RECORDS:
● ● ●

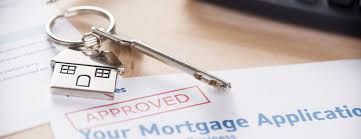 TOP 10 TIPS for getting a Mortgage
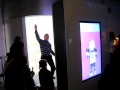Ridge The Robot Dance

● ● ●

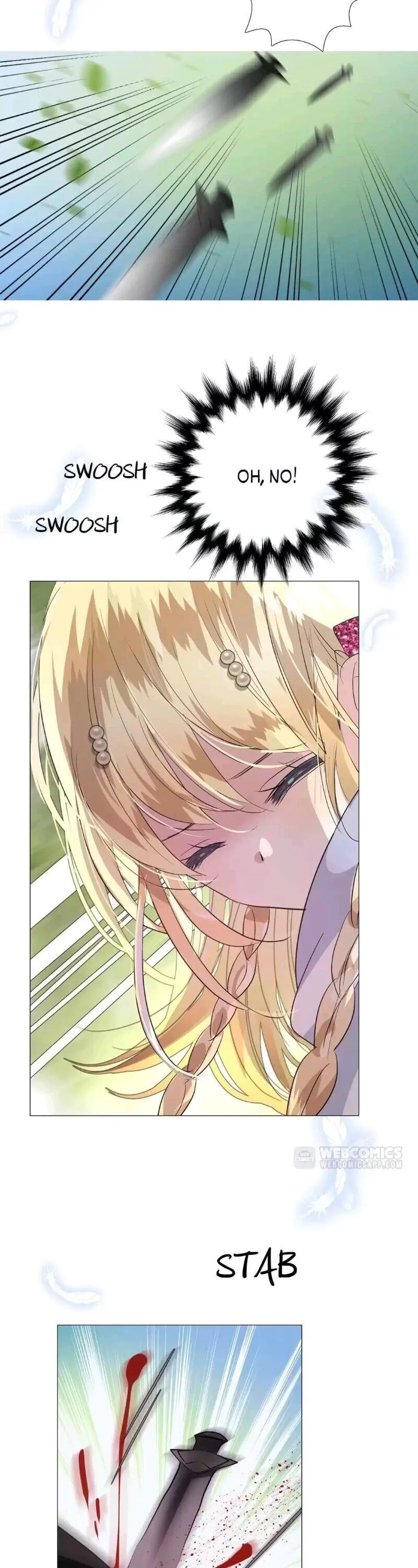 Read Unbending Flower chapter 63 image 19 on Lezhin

● ● ●

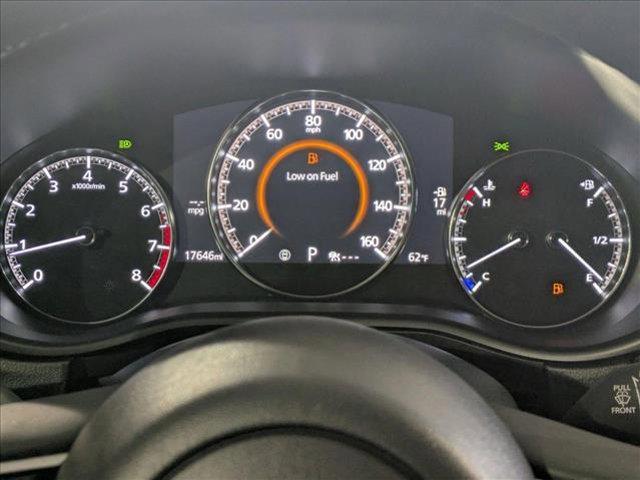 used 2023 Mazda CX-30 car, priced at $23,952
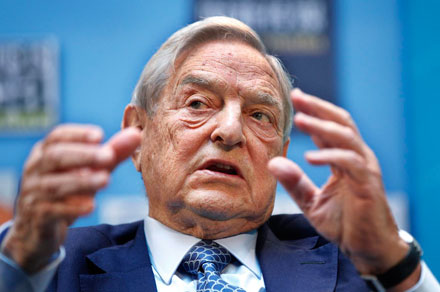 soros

● ● ●

EXERCISE DETAILS:
Exact repeat of the material above: every line from the one with "TOP 10 TIPS for getting a Mortgage" through the one with "Ridge The Robot Dance", endpoints included, and nothing more. No pictures.

YOUR RESPONSE:
 TOP 10 TIPS for getting a Mortgage
Ridge The Robot Dance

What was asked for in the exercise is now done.